__MATERIAL FOR THIS EXERCISE__:
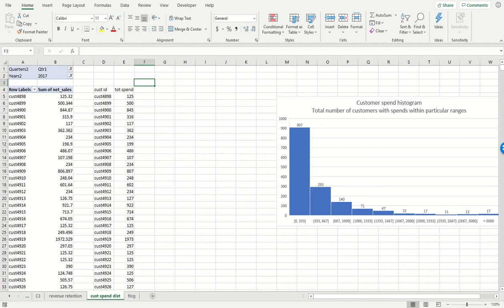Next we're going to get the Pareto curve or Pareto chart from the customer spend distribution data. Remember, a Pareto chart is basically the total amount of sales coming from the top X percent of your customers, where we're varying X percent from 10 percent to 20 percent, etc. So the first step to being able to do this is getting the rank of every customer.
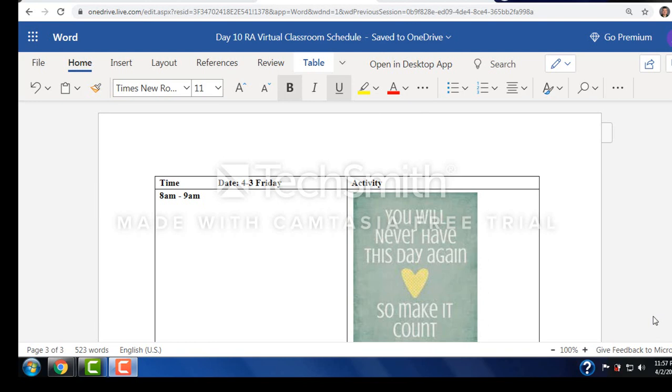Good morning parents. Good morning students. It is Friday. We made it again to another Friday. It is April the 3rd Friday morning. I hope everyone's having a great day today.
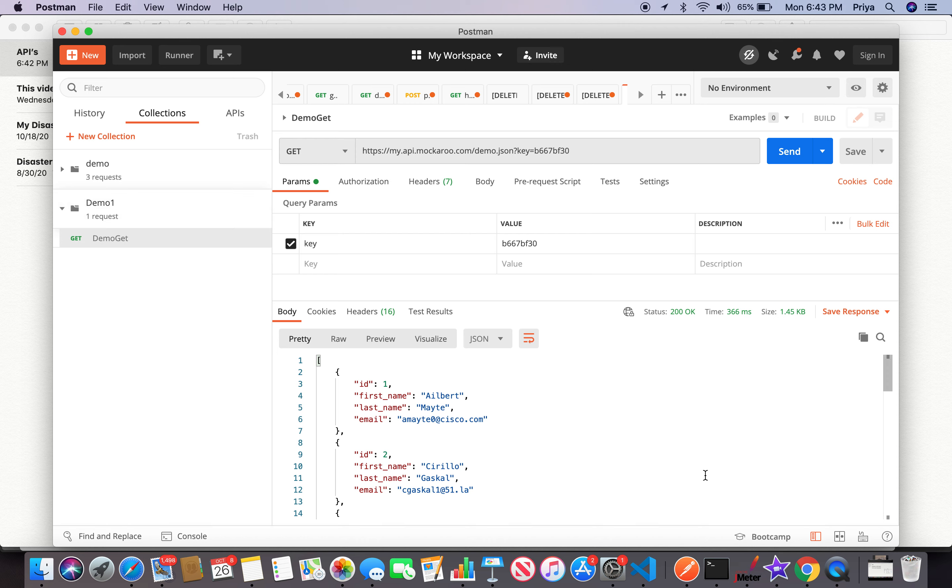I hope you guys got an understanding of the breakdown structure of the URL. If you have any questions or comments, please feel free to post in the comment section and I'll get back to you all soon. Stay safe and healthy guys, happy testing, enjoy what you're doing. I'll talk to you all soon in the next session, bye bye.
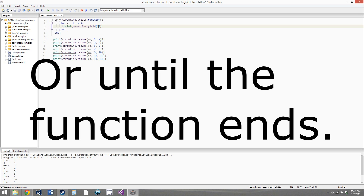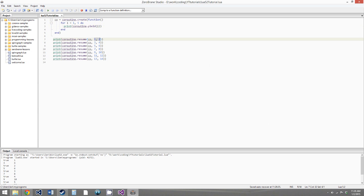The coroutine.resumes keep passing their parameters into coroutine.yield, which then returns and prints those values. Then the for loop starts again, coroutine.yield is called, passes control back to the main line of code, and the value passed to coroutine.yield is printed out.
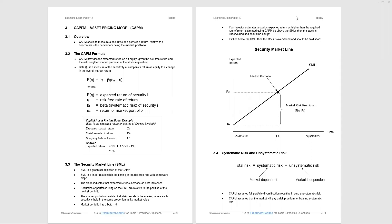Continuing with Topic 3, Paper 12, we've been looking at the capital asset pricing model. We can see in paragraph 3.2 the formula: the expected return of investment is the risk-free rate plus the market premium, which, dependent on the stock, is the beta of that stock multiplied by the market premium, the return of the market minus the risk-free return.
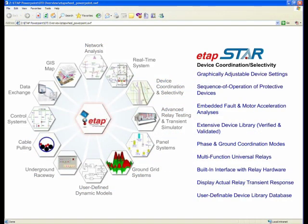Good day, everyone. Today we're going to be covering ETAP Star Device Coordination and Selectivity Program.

__YOUR GOAL__:
What you should produce is an exact copy of the records, with the pictures left out.

__OUTPUT__:
Next we're going to get the Pareto curve or Pareto chart from the customer spend distribution data. Remember, a Pareto chart is basically the total amount of sales coming from the top X percent of your customers, where we're varying X percent from 10 percent to 20 percent, etc. So the first step to being able to do this is getting the rank of every customer.
Good morning parents. Good morning students. It is Friday. We made it again to another Friday. It is April the 3rd Friday morning. I hope everyone's having a great day today.
I hope you guys got an understanding of the breakdown structure of the URL. If you have any questions or comments, please feel free to post in the comment section and I'll get back to you all soon. Stay safe and healthy guys, happy testing, enjoy what you're doing. I'll talk to you all soon in the next session, bye bye.
The coroutine.resumes keep passing their parameters into coroutine.yield, which then returns and prints those values. Then the for loop starts again, coroutine.yield is called, passes control back to the main line of code, and the value passed to coroutine.yield is printed out.
Continuing with Topic 3, Paper 12, we've been looking at the capital asset pricing model. We can see in paragraph 3.2 the formula: the expected return of investment is the risk-free rate plus the market premium, which, dependent on the stock, is the beta of that stock multiplied by the market premium, the return of the market minus the risk-free return.
Good day, everyone. Today we're going to be covering ETAP Star Device Coordination and Selectivity Program.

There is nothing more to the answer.